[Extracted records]

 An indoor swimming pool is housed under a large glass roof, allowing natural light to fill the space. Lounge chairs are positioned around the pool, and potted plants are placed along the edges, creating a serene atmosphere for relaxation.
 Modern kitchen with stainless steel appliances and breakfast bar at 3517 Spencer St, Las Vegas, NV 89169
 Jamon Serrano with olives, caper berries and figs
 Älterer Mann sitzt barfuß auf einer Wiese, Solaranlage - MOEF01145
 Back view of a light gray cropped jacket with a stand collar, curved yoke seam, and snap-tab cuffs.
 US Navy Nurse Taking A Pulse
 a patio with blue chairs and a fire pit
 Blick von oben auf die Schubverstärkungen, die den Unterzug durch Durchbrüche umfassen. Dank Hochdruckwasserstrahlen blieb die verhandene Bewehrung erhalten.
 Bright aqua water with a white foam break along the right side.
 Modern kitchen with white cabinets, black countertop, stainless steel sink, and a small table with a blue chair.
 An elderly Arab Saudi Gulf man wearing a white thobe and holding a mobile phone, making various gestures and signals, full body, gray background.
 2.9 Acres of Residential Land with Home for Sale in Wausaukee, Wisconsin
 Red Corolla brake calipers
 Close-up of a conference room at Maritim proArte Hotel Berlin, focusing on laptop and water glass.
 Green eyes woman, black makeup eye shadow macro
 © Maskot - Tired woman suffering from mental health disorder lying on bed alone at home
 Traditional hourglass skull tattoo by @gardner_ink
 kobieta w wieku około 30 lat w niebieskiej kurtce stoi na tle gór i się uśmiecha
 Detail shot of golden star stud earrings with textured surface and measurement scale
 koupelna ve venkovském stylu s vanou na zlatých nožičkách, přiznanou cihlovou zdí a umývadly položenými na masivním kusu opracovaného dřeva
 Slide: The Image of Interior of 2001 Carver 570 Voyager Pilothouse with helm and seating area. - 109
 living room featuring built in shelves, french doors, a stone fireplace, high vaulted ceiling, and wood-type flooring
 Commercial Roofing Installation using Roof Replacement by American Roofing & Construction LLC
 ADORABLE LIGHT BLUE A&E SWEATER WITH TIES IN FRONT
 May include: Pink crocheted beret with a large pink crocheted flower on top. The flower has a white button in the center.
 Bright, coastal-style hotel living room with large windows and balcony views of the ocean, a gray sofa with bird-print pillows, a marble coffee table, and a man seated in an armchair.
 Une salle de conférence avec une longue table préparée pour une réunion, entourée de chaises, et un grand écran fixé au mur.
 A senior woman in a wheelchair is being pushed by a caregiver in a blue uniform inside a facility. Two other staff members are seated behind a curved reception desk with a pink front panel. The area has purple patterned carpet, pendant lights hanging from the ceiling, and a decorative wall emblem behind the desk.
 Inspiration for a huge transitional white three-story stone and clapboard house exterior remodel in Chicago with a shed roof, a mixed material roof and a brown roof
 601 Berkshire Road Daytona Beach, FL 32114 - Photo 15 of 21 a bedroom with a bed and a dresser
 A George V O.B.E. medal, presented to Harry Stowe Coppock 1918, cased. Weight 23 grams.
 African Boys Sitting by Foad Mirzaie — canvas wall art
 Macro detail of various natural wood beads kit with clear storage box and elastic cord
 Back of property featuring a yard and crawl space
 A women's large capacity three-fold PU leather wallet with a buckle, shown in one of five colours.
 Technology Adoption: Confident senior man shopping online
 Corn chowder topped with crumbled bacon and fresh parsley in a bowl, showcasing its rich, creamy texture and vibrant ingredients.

• [What is expected]:
Please give the number of lines in the data above that contain the word "wood", with nothing else.

• [Written reply]:
2